St. Stephen (in Hungarian Szent István) was born around 970-975 in Esztergom. He was a member of the Árpád dynasty, born a pagan but was baptized as a Christian. In 996, he married Gisela of Bavaria, sister of the future Holy Roman emperor, Henry II. After the death of his father, Grand Prince Géza, Stephen combated an insurrection led by his cousin, Koppány, who claimed the throne in accordance with Árpád succession rules. After defeating Koppány, Stephen was crowned as (the first) king of Hungary with a crown received from Pope Sylvester II.
His coronation took place around 1021 years ago, on Christmas Day in 1000 and it signified Hungary’s entry into the family of European Christian nations. Stephen treated the church as the principal pillar of his authority, dispatching missionaries throughout his realm, founding bishoprics and abbeys and making the building of churches mandatory. He died in 1038 and became Hungary’s patron saint.

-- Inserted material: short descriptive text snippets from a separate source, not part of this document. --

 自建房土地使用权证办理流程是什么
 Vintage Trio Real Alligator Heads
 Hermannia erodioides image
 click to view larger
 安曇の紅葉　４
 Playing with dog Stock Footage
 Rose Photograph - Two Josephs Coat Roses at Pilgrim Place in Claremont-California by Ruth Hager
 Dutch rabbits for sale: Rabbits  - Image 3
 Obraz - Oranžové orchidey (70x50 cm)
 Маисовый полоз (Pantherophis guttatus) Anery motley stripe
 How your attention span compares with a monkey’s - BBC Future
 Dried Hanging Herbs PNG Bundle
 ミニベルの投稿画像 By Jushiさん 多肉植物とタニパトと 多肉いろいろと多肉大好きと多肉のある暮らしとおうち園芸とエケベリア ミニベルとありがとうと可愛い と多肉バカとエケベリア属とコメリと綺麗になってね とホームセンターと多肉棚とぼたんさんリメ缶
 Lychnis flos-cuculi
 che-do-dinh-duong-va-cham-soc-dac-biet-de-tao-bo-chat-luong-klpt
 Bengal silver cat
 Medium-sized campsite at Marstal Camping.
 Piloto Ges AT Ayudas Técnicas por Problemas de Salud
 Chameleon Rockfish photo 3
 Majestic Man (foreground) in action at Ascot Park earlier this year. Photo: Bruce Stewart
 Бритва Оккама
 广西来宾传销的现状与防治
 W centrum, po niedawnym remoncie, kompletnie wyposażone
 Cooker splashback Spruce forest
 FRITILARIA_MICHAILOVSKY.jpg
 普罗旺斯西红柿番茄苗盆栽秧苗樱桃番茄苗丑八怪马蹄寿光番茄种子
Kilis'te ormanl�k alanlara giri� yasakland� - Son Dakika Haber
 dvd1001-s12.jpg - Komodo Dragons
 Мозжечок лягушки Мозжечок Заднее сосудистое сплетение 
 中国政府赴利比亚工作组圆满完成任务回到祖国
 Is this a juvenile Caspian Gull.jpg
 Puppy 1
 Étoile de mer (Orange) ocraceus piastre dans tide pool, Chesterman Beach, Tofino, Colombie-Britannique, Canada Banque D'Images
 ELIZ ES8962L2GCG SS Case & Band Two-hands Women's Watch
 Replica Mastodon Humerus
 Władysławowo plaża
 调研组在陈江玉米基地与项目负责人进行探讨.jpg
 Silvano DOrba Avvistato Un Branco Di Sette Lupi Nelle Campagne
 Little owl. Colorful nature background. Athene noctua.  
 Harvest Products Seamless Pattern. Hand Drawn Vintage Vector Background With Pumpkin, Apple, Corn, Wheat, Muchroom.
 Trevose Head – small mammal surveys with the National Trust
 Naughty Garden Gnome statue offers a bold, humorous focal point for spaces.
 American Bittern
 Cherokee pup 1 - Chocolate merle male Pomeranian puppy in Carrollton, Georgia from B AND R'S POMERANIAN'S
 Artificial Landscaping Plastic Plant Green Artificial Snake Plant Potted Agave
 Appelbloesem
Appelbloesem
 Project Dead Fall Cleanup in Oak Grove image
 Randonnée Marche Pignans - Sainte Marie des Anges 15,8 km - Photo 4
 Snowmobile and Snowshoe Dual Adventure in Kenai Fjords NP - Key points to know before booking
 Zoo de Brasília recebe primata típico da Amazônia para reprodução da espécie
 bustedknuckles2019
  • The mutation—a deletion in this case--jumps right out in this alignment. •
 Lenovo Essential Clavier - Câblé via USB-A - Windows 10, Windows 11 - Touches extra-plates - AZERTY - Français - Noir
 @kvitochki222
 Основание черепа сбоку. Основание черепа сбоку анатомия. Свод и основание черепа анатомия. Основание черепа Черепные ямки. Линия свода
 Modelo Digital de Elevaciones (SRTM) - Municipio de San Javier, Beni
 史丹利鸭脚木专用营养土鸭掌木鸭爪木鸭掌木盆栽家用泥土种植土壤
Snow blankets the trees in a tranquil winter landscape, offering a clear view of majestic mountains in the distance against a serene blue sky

The king’s naturally mummified right hand is one of the most significant Hungarian national relics, found when his stone grave was opened on August 20th, 1083, in Székesfehérvár. (The identification mark of the right hand was the king’s ring, which adorned the hand.) The relic saw a few adventures in its time. During the Turkish occupation, it ended up in Ragusa (today: Dubrovnik, Croatia), where it was guarded by Dominican friars, attracting a growing number of pilgrims to the city.
Queen Maria Theresa (1717–1780), late successor of St. Stephen on the Hungarian throne, negotiated the return of the Holy Right Hand in 1771, offering to the historical city of Ragusa her protection against the threat of Russian invasion in return. In her charter decree, she set out how the relic, St. Stephen’s mummified hand is to be respected throughout the country.
During World War II, the Holy Right Hand was concealed – similarly to the coronation jewels – near Salzburg, in Austria. The relic arrived back to Hungary in 1945, and it has been on display in Saint Stephen’s Basilica in Budapest since 1987.
The charter issued by Queen Maria Theresa on 7th August, 1772 in Vienna is a parchment volume, sealed with the greater Hungarian secret seal and consists of 10 pages. It is kept by the National Archives of Hungary, in Budapest (under the reference code HU-MNL-OL – C 90 – № 11).
The record is showcased in the first thematic exhibition of the European Digital Treasures project, entitled Construction of Europe – History, Memory and Myth of Europeanness over 1000 years.